For more information on using Pandas, see jb-16-Further-Resources.
Matplotlib MatLab-style scientific visualization#
Matplotlib is currently the most popular scientific visualization packages in Python. Even proponents admit that its interface is sometimes overly verbose, but it is a powerful library for creating a large range of plots.
To use Matplotlib, we can start by enabling the notebook mode (for use in the Jupyter notebook) and then importing the package as plt
”
# run this if using Jupyter notebook
%matplotlib notebook
import matplotlib.pyplot as plt
plt.style.use('ggplot') # make graphs in the style of R's ggplot
Now let’s create some data (as NumPy arrays, of course) and plot the results:
x = np.linspace(0, 10) # range of values from 0 to 10
y = np.sin(x) # sine of these values
plt.plot(x, y); # plot as a line
If you run this code live, you will see an interactive plot that lets you pan, zoom, and scroll to explore the data.
This is the simplest example of a Matplotlib plot; for ideas on the wide range of plot types available, see Matplotlib’s online gallery as well as other references listed in jb-16-Further-Resources.
SciPy: Scientific Python#
SciPy is a collection of scientific functionality that is built on NumPy. The package began as a set of Python wrappers to well-known Fortran libraries for numerical computing, and has grown from there.
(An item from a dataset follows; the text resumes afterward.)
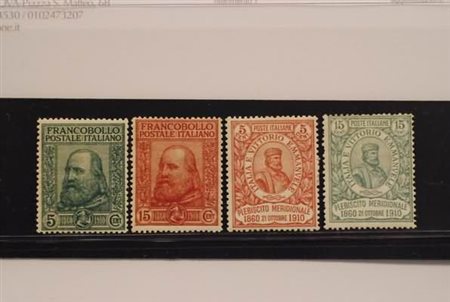 REGNO D'ITALIA - 1910, Garibaldi, 4 valori cpl. (87/90) traccia leggera,...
The package is arranged as a set of submodules, each implementing some class of numerical algorithms. Here is an incomplete sample of some of the more important ones for data science:
scipy.fftpack
: Fast Fourier transformsscipy.integrate
: Numerical integrationscipy.interpolate
: Numerical interpolationscipy.linalg
: Linear algebra routinesscipy.optimize
: Numerical optimization of functionsscipy.sparse
: Sparse matrix storage and linear algebrascipy.stats
: Statistical analysis routines
For example, let’s take a look at interpolating a smooth curve between some data
from scipy import interpolate
# choose eight points between 0 and 10
x = np.linspace(0, 10, 8)
y = np.sin(x)
# create a cubic interpolation function
func = interpolate.interp1d(x, y, kind='cubic')
# interpolate on a grid of 1,000 points
x_interp = np.linspace(0, 10, 1000)
y_interp = func(x_interp)
# plot the results
plt.figure() # new figure
plt.plot(x, y, 'o')
plt.plot(x_interp, y_interp);
What we see is a smooth interpolation between the points.
Other Data Science Packages#
Built on top of these tools are a host of other data science packages, including general tools like Scikit-Learn for machine learning, Scikit-Image for image analysis, and Statsmodels for statistical modeling, as well as more domain-specific packages like AstroPy for astronomy and astrophysics, NiPy for neuro-imaging, and many, many more.
No matter what type of scientific, numerical, or statistical problem you are facing, it’s likely there is a Python package out there that can help you solve it.